- **WHAT THE TASK REQUIRES**:
Please reproduce all the records exactly while leaving out their pictures.

**** DATA SUPPLIED ****

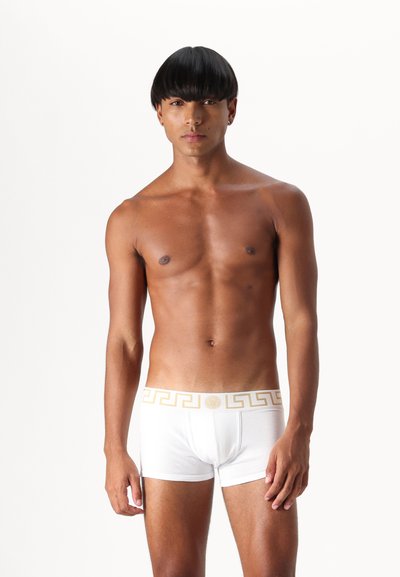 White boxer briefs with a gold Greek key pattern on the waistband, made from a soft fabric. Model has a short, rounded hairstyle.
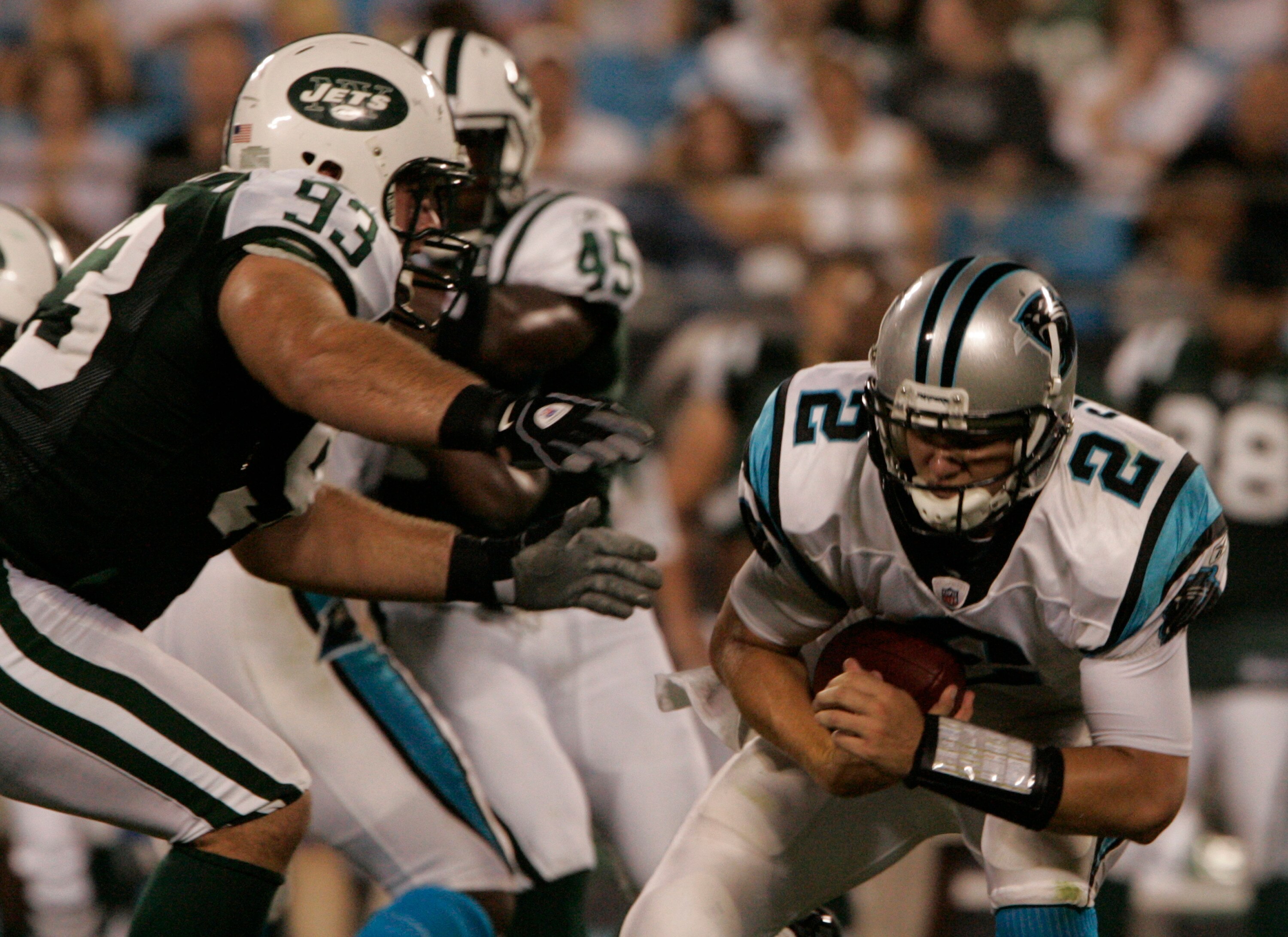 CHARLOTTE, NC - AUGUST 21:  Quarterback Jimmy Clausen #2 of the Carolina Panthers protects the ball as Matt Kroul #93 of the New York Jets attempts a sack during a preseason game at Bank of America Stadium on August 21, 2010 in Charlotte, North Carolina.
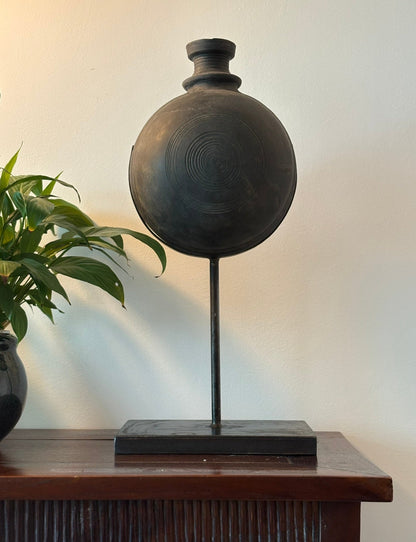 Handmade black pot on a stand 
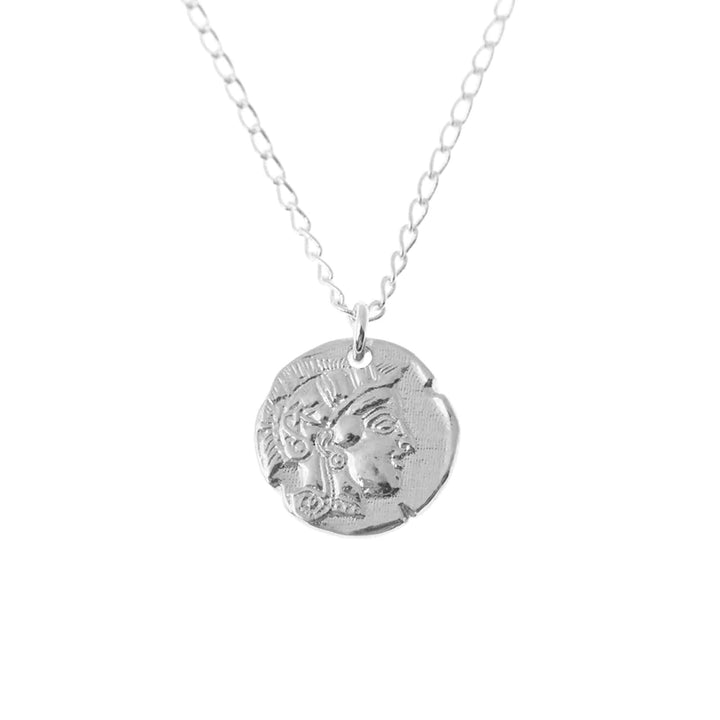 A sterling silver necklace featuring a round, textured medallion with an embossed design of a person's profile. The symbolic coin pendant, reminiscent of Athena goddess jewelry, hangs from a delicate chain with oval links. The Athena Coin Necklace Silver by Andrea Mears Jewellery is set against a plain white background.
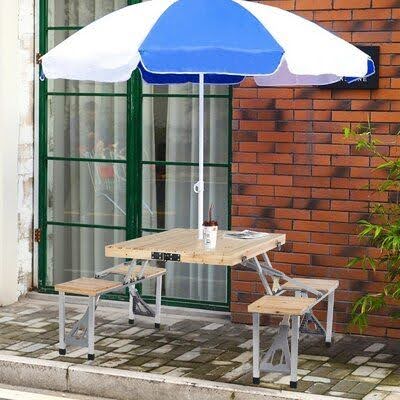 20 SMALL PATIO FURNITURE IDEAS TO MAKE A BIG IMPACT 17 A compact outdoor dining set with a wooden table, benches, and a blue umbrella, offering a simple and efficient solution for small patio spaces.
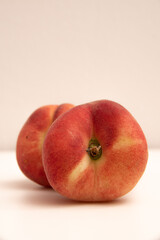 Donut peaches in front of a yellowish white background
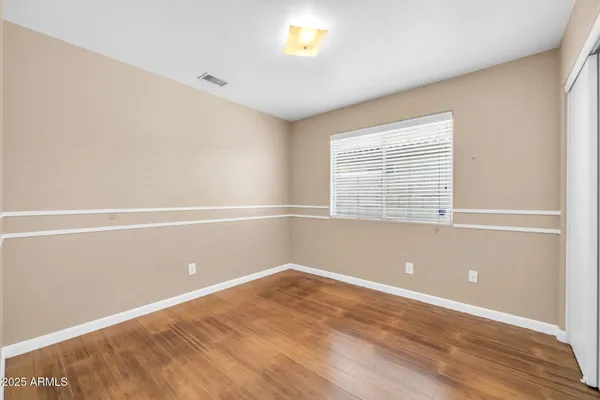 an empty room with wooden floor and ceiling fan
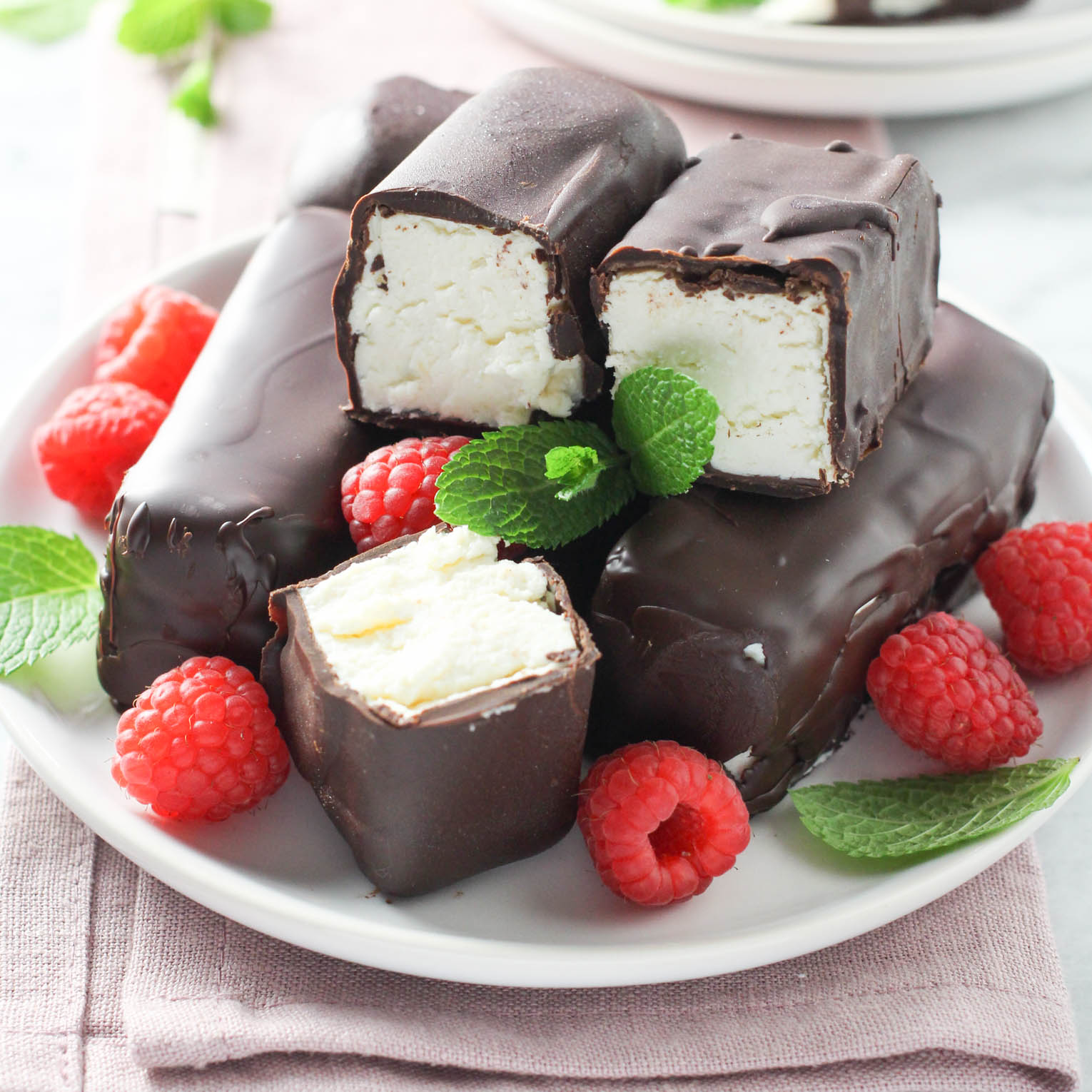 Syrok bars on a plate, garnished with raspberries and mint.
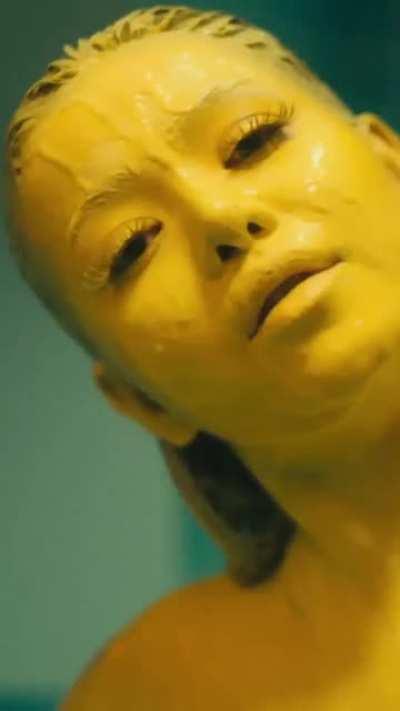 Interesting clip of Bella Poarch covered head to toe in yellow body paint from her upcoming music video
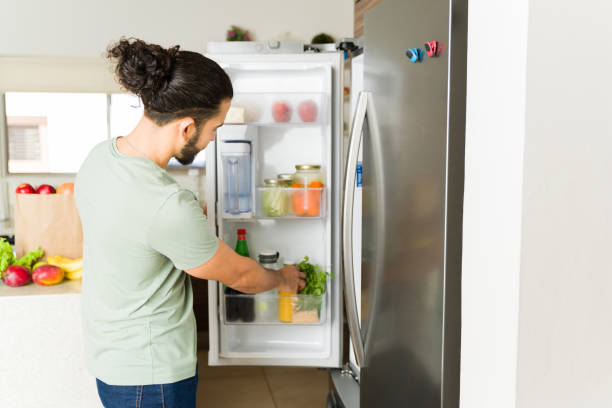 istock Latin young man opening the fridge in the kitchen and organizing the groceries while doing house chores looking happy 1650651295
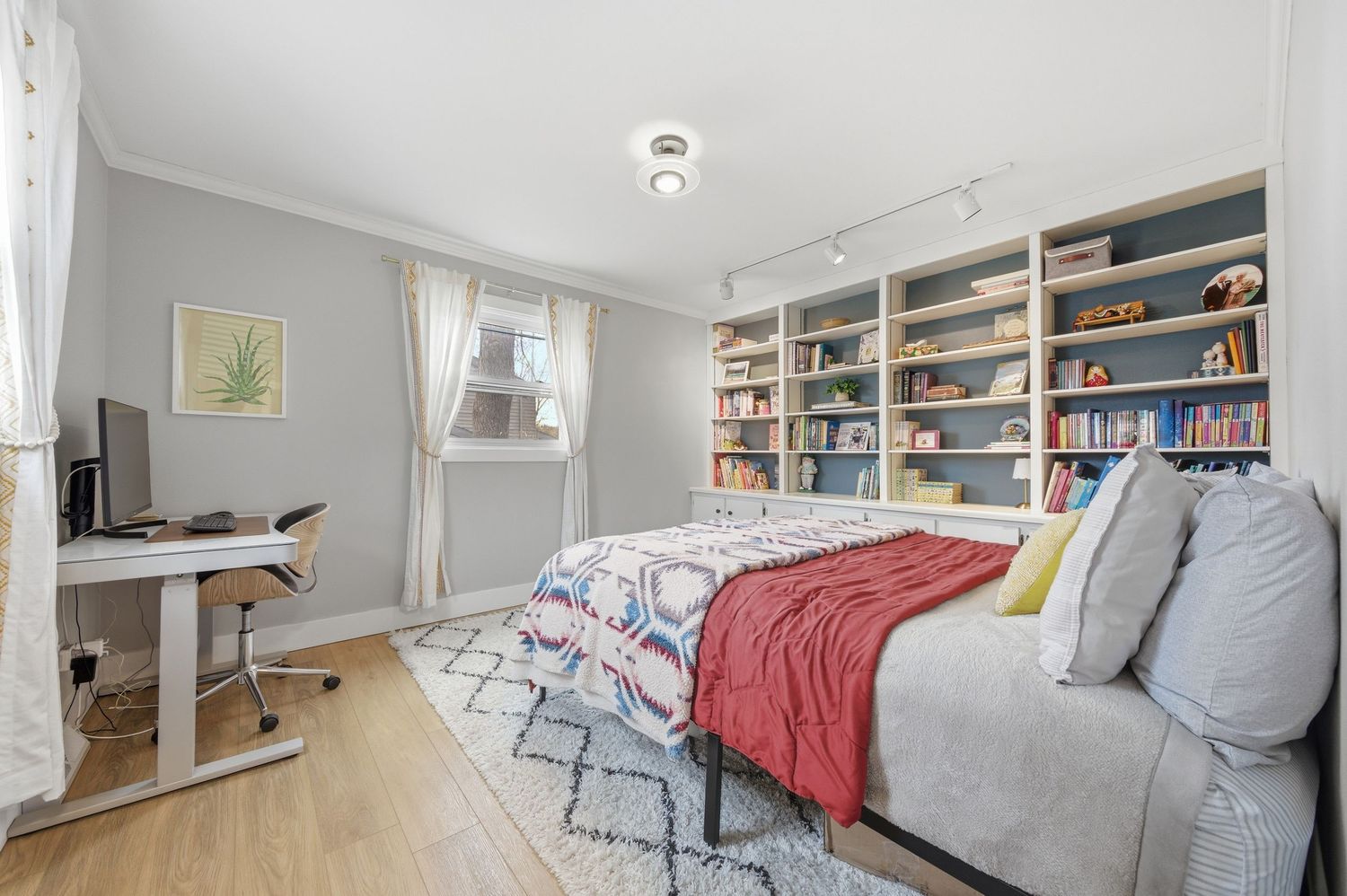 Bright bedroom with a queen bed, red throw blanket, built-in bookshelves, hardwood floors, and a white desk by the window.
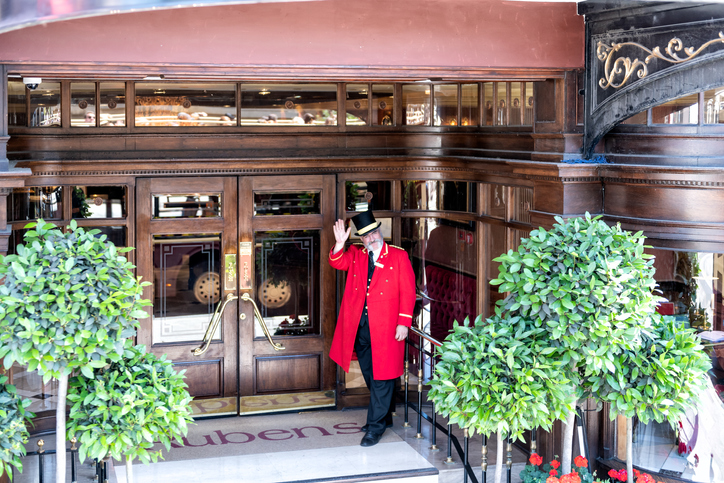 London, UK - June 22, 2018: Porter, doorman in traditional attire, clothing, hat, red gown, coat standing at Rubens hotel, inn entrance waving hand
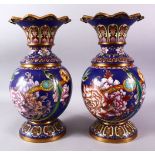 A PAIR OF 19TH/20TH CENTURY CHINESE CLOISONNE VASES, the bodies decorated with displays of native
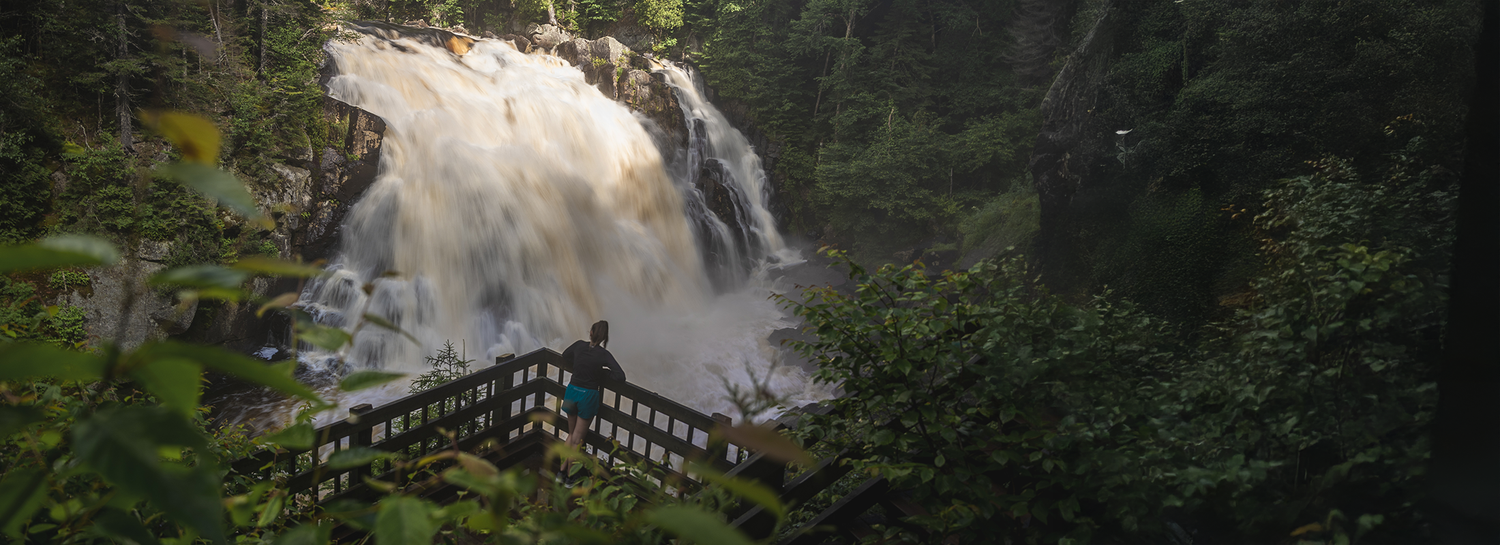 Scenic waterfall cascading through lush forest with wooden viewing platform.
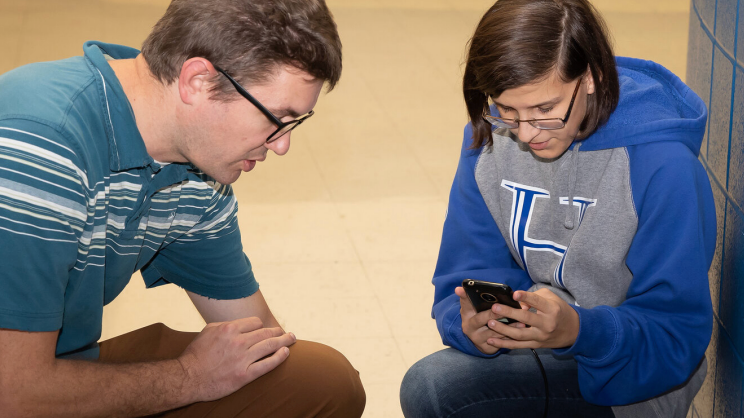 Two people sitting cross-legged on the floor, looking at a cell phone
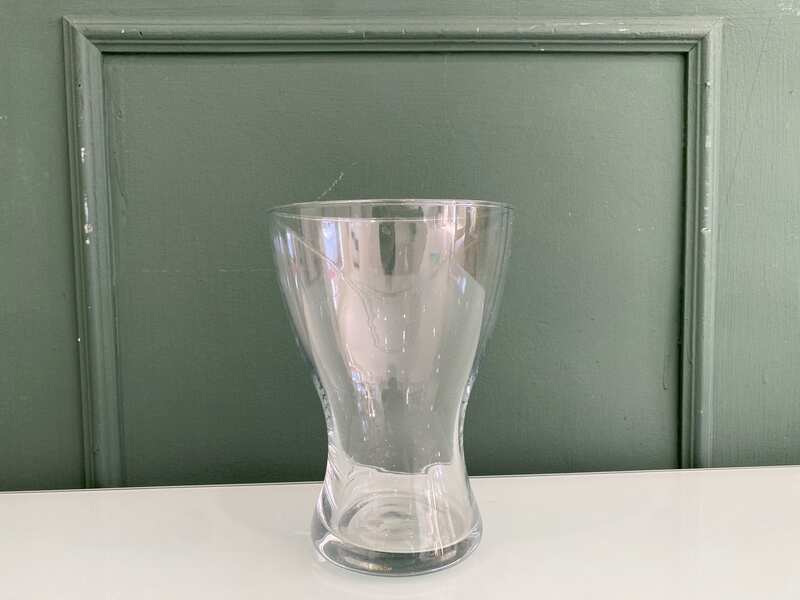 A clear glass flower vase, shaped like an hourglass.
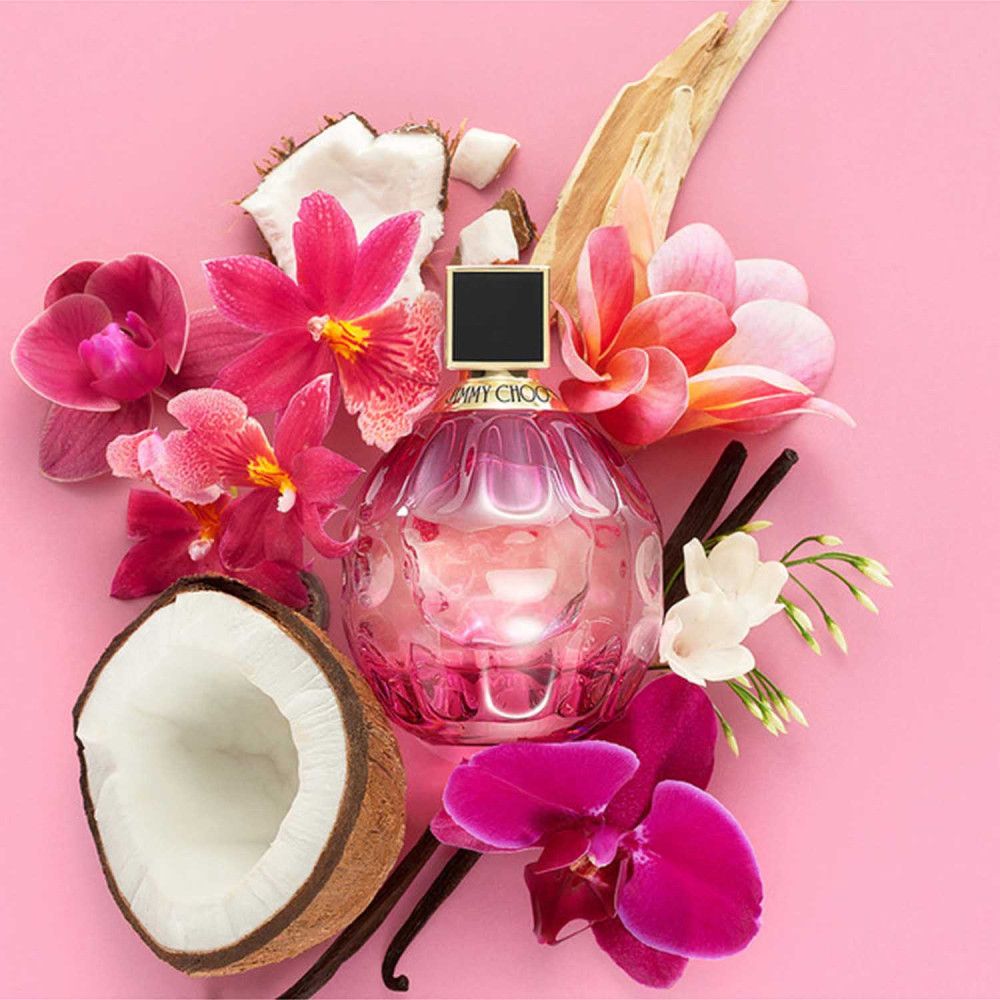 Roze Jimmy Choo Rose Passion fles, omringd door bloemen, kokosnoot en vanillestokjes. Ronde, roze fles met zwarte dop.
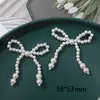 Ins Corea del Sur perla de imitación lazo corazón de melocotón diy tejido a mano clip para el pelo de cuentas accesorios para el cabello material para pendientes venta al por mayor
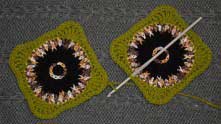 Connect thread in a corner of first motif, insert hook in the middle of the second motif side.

****

- **SOLUTION FOR THIS TASK**:
 White boxer briefs with a gold Greek key pattern on the waistband, made from a soft fabric. Model has a short, rounded hairstyle.
 CHARLOTTE, NC - AUGUST 21:  Quarterback Jimmy Clausen #2 of the Carolina Panthers protects the ball as Matt Kroul #93 of the New York Jets attempts a sack during a preseason game at Bank of America Stadium on August 21, 2010 in Charlotte, North Carolina.
 Handmade black pot on a stand 
 A sterling silver necklace featuring a round, textured medallion with an embossed design of a person's profile. The symbolic coin pendant, reminiscent of Athena goddess jewelry, hangs from a delicate chain with oval links. The Athena Coin Necklace Silver by Andrea Mears Jewellery is set against a plain white background.
 20 SMALL PATIO FURNITURE IDEAS TO MAKE A BIG IMPACT 17 A compact outdoor dining set with a wooden table, benches, and a blue umbrella, offering a simple and efficient solution for small patio spaces.
 Donut peaches in front of a yellowish white background
 an empty room with wooden floor and ceiling fan
 Syrok bars on a plate, garnished with raspberries and mint.
 Interesting clip of Bella Poarch covered head to toe in yellow body paint from her upcoming music video
 istock Latin young man opening the fridge in the kitchen and organizing the groceries while doing house chores looking happy 1650651295
 Bright bedroom with a queen bed, red throw blanket, built-in bookshelves, hardwood floors, and a white desk by the window.
 London, UK - June 22, 2018: Porter, doorman in traditional attire, clothing, hat, red gown, coat standing at Rubens hotel, inn entrance waving hand
 A PAIR OF 19TH/20TH CENTURY CHINESE CLOISONNE VASES, the bodies decorated with displays of native
 Scenic waterfall cascading through lush forest with wooden viewing platform.
 Two people sitting cross-legged on the floor, looking at a cell phone
 A clear glass flower vase, shaped like an hourglass.
 Roze Jimmy Choo Rose Passion fles, omringd door bloemen, kokosnoot en vanillestokjes. Ronde, roze fles met zwarte dop.
 Ins Corea del Sur perla de imitación lazo corazón de melocotón diy tejido a mano clip para el pelo de cuentas accesorios para el cabello material para pendientes venta al por mayor
 Connect thread in a corner of first motif, insert hook in the middle of the second motif side.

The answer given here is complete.